My impression of the people of Barranquilla was extremely positive. I have met dozens of extremely hospitable people in my trip, but the energy in Barranquilla, at least during carnaval, was a bit different. People would talk to my friends and I, invite us to join them after the parades, tell us that they would pay for us, that they wanted us to have a good time so that we would leave with a good impression of Barranquilla and its people.

 The third night of the carnaval was also interesting. We went with some new friends first to a club, then to a house, and we ended up at a club at the edge of the city, on the edge of the river. The club was full of people of all ages, all extremely energetic and fun. Milena got angry at me for dancing with some girls, and I got angry at her for trying to be to controlling. By the end of the night it was all good again.

On the last night, there was nothing really going on. We went to a club for a short time, but went to bed a bit early. The next day I headed to the university one more time, then packed up and went to the bus station.
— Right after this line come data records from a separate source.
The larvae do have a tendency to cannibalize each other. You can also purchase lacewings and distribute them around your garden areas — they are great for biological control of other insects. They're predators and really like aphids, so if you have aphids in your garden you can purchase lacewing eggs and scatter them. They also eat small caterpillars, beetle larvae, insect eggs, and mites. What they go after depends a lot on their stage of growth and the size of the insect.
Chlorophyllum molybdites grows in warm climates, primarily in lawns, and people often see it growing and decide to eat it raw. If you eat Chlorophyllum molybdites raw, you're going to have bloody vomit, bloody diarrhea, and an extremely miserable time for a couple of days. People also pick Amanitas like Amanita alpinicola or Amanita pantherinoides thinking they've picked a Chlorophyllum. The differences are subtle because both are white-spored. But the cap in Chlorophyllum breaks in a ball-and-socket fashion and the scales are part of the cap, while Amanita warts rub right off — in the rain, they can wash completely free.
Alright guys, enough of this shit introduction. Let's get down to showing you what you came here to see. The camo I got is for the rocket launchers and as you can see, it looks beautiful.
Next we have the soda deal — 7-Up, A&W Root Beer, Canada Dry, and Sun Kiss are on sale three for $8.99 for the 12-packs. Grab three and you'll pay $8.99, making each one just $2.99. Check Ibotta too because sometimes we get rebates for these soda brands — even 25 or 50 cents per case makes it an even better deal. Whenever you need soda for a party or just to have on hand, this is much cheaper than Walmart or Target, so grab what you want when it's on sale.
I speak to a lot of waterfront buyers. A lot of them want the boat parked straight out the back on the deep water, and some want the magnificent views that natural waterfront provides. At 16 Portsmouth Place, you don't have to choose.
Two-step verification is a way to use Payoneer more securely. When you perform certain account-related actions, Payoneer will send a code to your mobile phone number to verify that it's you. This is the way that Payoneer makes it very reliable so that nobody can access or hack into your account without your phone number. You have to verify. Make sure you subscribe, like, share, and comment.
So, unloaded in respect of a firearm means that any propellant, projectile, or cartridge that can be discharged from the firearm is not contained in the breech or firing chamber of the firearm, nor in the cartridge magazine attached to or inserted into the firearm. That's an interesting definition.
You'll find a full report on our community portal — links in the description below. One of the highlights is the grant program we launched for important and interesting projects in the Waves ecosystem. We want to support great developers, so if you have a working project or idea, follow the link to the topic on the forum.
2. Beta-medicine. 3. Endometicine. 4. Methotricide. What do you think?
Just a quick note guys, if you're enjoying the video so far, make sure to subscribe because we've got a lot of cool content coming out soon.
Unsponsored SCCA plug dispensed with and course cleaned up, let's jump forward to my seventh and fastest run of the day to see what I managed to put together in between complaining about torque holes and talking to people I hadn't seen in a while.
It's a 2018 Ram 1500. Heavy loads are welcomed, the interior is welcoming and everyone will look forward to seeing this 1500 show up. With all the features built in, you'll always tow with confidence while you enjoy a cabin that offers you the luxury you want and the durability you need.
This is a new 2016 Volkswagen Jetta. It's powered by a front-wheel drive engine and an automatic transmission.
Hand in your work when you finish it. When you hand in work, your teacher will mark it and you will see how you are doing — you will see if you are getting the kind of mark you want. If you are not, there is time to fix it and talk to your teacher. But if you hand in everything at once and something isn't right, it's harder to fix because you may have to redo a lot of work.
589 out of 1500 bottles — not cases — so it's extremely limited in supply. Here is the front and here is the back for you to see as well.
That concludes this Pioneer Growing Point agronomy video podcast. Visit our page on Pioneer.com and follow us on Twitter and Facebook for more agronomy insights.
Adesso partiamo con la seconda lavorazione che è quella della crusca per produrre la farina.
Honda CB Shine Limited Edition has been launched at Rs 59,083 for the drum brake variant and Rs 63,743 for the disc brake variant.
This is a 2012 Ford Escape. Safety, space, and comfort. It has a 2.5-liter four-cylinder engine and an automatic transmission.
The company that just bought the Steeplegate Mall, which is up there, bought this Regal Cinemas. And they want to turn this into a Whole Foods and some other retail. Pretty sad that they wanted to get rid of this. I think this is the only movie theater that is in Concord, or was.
The bus trip from Barranquilla to Medellin was horrendous. The main road between the two cities had been closed, so we took an alternate route of at least 5 more hours. Also, the entire night, the driver had the air conditioning set to ridiculous temperatures. I couldn’t sleep at all. Locals came on the bus with big sweaters and blankets, and these are people from a very hot part of the country. The impression is that people actually buy warm clothes for the bus rides. In any case, around 4 am, I went to the driver and asked him to turn down the a/c. The temperature was comfortable, more or less, until breakfast. As we had left the bus to eat, once again the a/c had been on full blast. I arrived in Medellin miserable and exhausted, and took a good long nap, taking the rest of the evening to relax.

From here, I’m not sure of my plans. I will go to Bogota next, but it could be sometime in the next few days, or maybe the following week. I like Medellin, and it would be a nice place to spend a short while. The nightlife is great. If I get bored, I’ll take off.

Love,

Dan

Tags:

Ella y Yo

February 23rd, 2006

Ella y Yo is the second best reggaeton song.

I´m dedicating this post to answering some questions, and responding to comments.

Jews aren´t under-represented in South America… but the continent could definitely use a lot more pseudo-jews. Too many of the jews here take the chosen people philosophy a bit too seriously.

I havent really had many problems with cockroaches, surprisingly. Ive been in some dirty places, and some hourly hotels, etc., but they were all fairly cockroach free. Nor have I had issues with rats!

I havent seen anybody from the FARC, they´re based more in the south of the country. In Santa Marta there are paramilitaries who are responsible for most of the country´s drug production. The government and the paramilitaries are in a state of relative peace at the moment. They look just like regular Colombian soldiers, which really iis kind of like the guy on Nick`s tatoo.

 Cocaine is all over the place here. In Santa Marta you could ask just about anybody on the street, and they could obtain it for you. I know this only because lots of the tourists in my hotel were sampling the local produce. Also, If you go on this trek to a place called the “lost city” in the mountains near Santa Marta, they take you on a tour of a cocaine factory.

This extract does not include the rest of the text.